On July 22, 2020, the Reserve Bank of India (RBI) publicized the “Report of the Committee for Analysis of QR (Quick Response) Code” under the chairmanship of Prof. Deepak B. Phatak on its website for comments / suggestions of various industry players currently involved in or associated with the use of QR codes before August 10, 2020. The report has recommended making QR codes more interoperable. QR code is used to pay utility bills, fuel, grocery, food, travel, and several other categories.
Before heading towards the recommendations of the report let’s have a look at QR in Indian scenario.
Usage of QR in India:
In India, the factors of post demonetization, increased penetration of smartphones and high-speed internet connectivity led to the increased adoption of QR codes for digital payments. There are three different types of QR Codes in India viz.
- Bharat QR– It is the world’s first fully interoperable QR code payment system. Its specifications have been jointly developed by RuPay, Visa, MasterCard, and Amex.
- Unified Payments Interface (UPI) QR– It was launched by the National Payments Corporation of India (NPCI) in August 2016.
- Proprietary QR (Closed loop) – It is provided by RBI authorized companies as Prepaid Payment Instruments (PPI).
For Knowledge: Closed loop mobile payments are those that enable consumers to load money into a spending account that is linked to a payment device while open platforms are connected to a personal account. For example credit card which doesn’t require a prepaid amount to exist in the system that needs to be topped up when the money runs out.
Key recommendations of Report:
-The committee has recommended phasing out of proprietary, closed loop QR codes as it requires customers to manage separate apps and is creating hindrance in this payment system.
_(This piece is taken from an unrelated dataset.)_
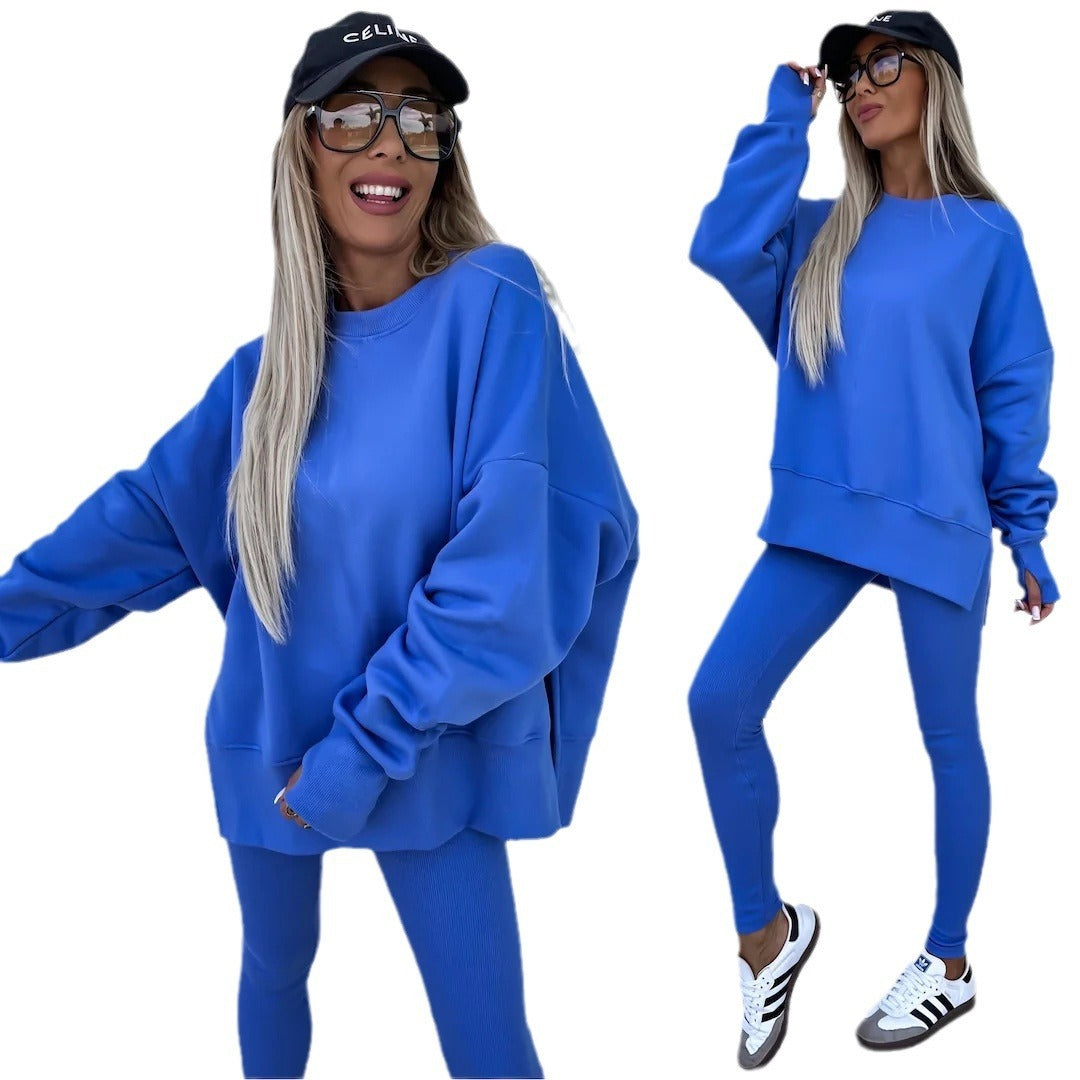 Women's Wear European and American Casual Tight Pants Loose Hoodie Set Two Piece Set eprolo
Instead RBI must encourage the use of interoperable QR codes such as the Bharat QR and UPI QR to enable faster on-boarding of all types of merchants for digital payments.
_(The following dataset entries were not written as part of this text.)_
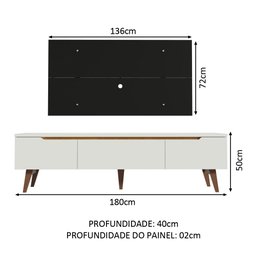 Rack Madesa Reims e Painel para TV até 55 Polegadas 2 Portas e 1 Gaveta Branco/Preto Cor:Branco/Pret - 3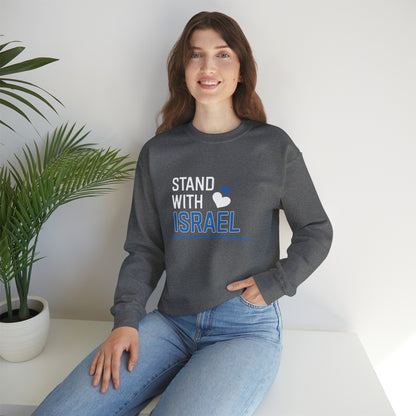 Stand With Israel Blue and White Hearts Crewneck Sweatshirt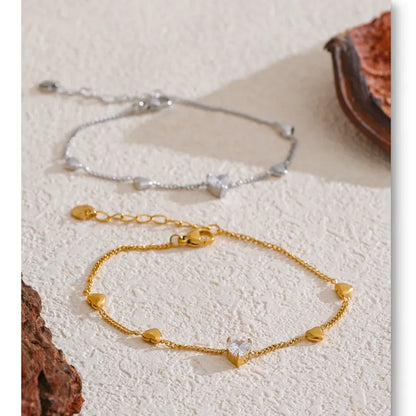 Zirconia Heart Anklet – Gold Plated Stainless Steel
-Government / RBI should allow a controlled interchange instead of zero Merchant Discount Rate (MDR) on QR code / UPI / RuPay Debit card transactions,
-Tax incentives should be provided to merchants who accept payments through electronic mode.
-For consumers also, the government should provide incentive schemes to ensure popularity of QR code transactions.
-All bank and non-bank applications must go through a process of standardisation to offer seamless experience to customers.
-Small value merchants may be allowed to access the Bharat QR ecosystem to allow them more payments acceptance options.
-Non-banks and fintechs could be allowed to participate in the Bharat QR ecosystem to increase penetration.
The Committee was constituted by RBI on December 23, 2019 under the Chairmanship of Prof. D.B. Phatak (Professor Emeritus, IIT-Bombay) to review the prevalent system of QR Codes in India for facilitating digital payments and submit recommendations. Its members were:
- Arvind Kumar – Director General (DG), Standardisation Testing and Quality Certification (STQC), Ministry of Electronics and Information Technology
- Sunil Mehta– Chief Executive, Indian Banks’ Association (IBA)
- AS Ramasastri– Director, Institute for Development of Research in Banking Technology
- Dilip Asbe– Managing Director and Chief Executive Officer (CEO), National Payments Corporation of India (NPCI)
- Vishwas Patel– Chairman, Payments Council of India (PCI)
About Reserve Bank of India (RBI):
Headquarters– Mumbai, Maharashtra
Formation– 1 April 1935
Governor– Shaktikanta Das
Deputy Governors– 4 (Bibhu Prasad Kanungo, Mahesh Kumar Jain, Michael Debabrata Patra, one is yet to be appointed).
Recent Related News:
On June 13, 2020, RBI made some changes to the monitoring structure of Financial Markets Infrastructure (FMI) and Retail Payment Systems (RPSs) with the aim to ensure the security and stability of the payment structure. The new framework treats NPCI (National Payments Corporation of India) and National Electronic Fund Transfer (NEFT) as FMIs.